Exercise inputs
┌──

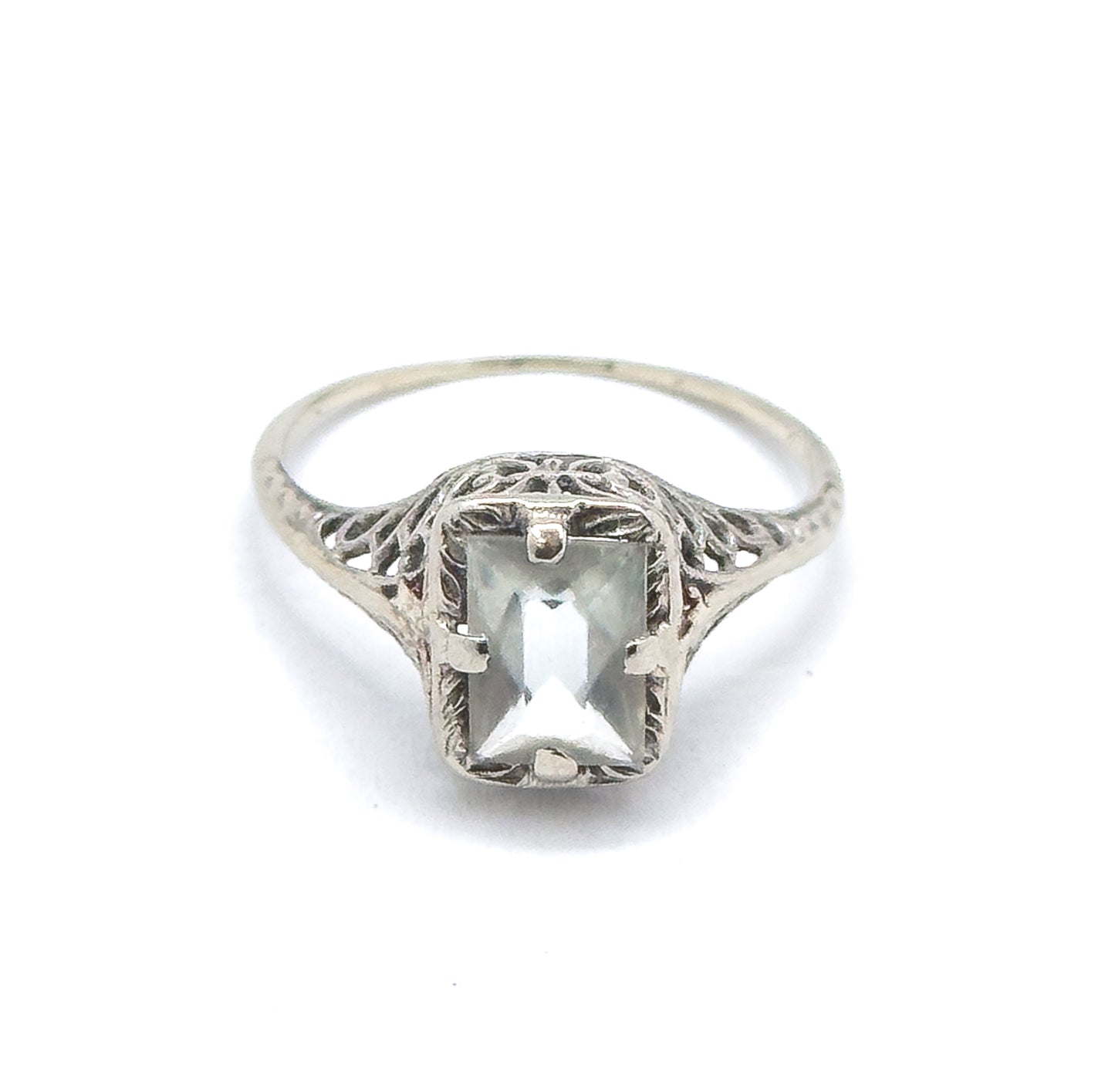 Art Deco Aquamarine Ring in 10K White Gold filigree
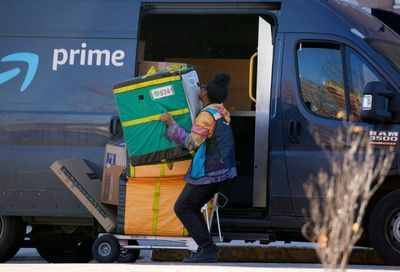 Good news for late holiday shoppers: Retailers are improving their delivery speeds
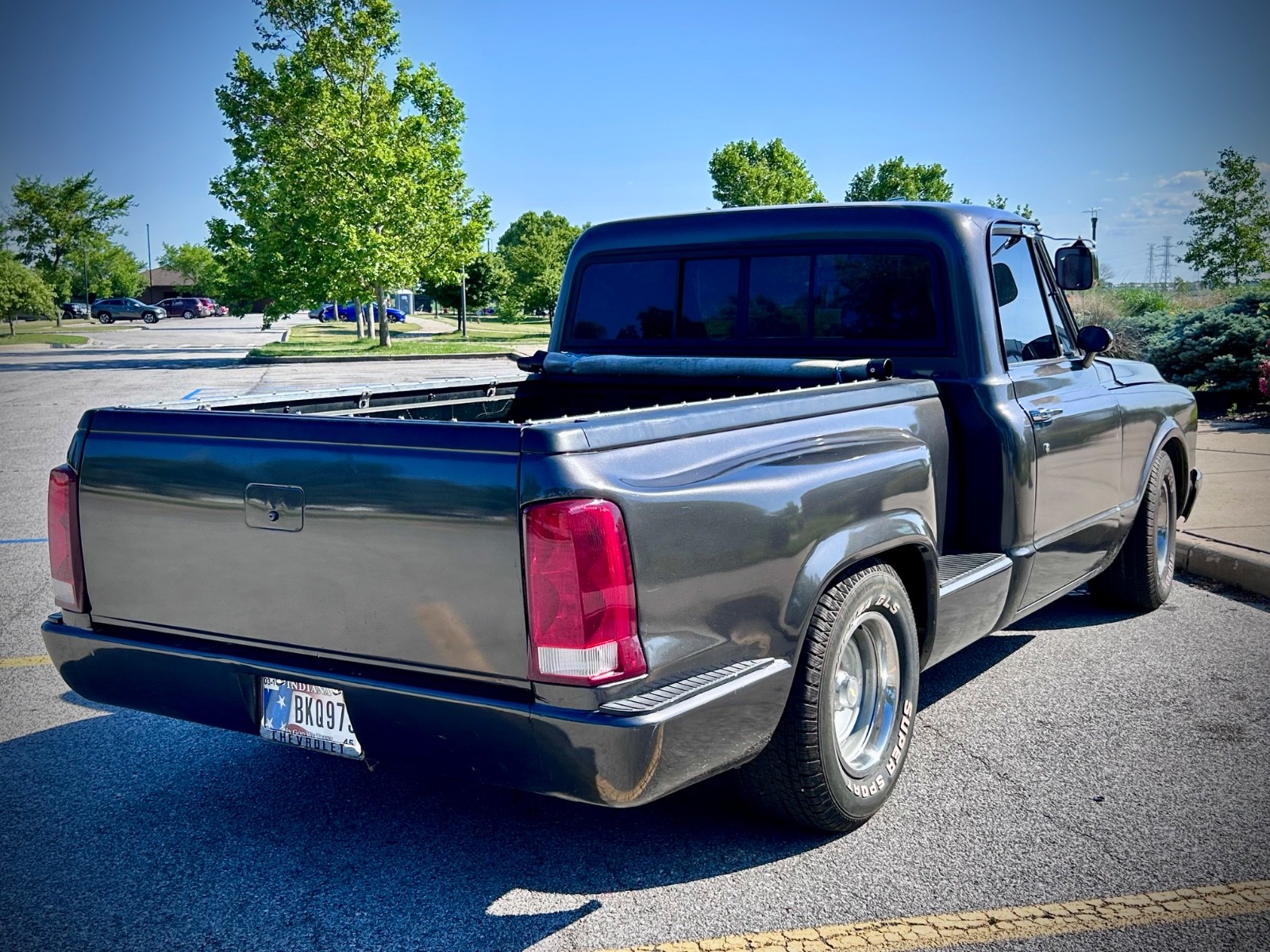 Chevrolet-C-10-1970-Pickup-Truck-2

└──
┌──

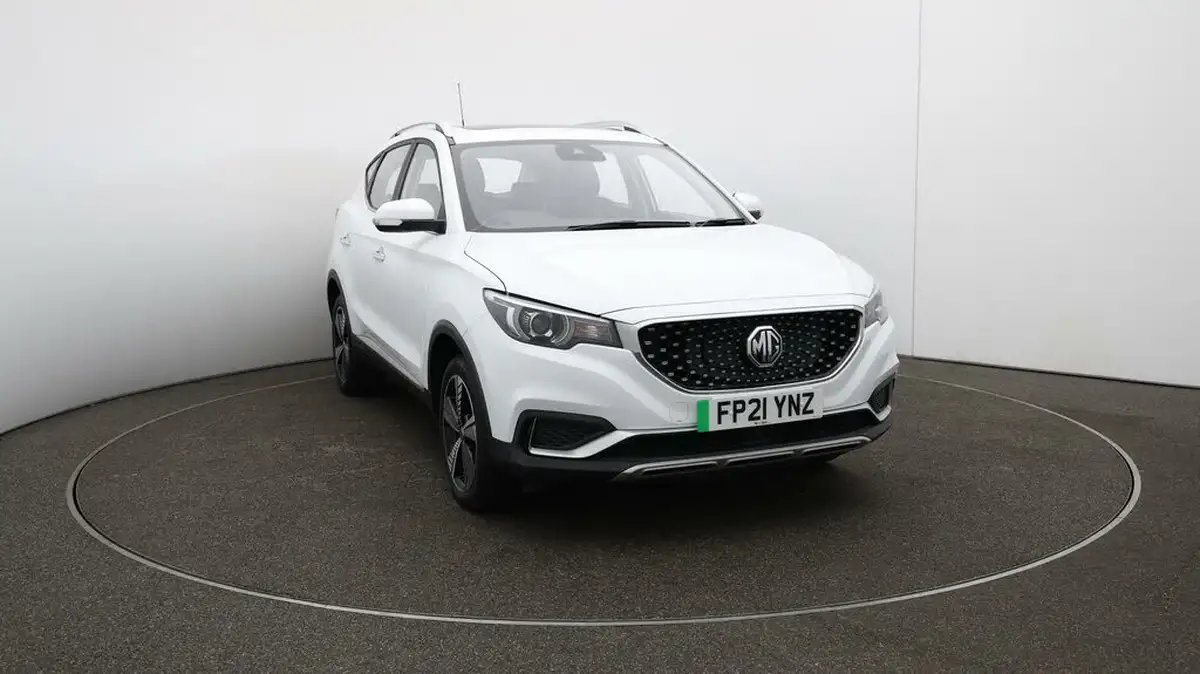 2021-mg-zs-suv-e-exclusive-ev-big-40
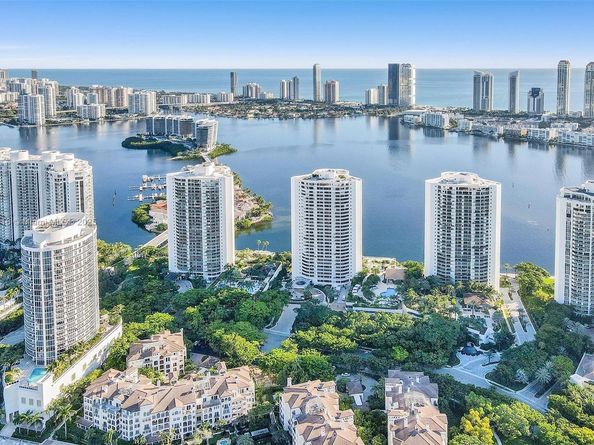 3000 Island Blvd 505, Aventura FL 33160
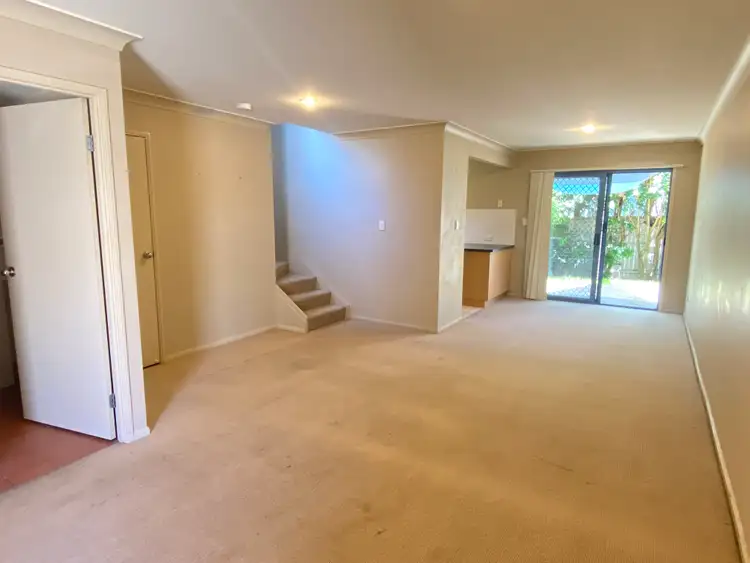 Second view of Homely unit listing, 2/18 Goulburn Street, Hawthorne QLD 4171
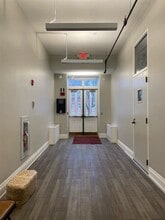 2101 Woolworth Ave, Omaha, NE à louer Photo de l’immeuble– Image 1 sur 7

└──

Task item
Print, exactly, each line above from the one with "Good news for" to the one with "Chevrolet-C-10-1970-Pickup-Truck-2", end lines included. Leave pictures out of it.

Task solution
 Good news for late holiday shoppers: Retailers are improving their delivery speeds
 Chevrolet-C-10-1970-Pickup-Truck-2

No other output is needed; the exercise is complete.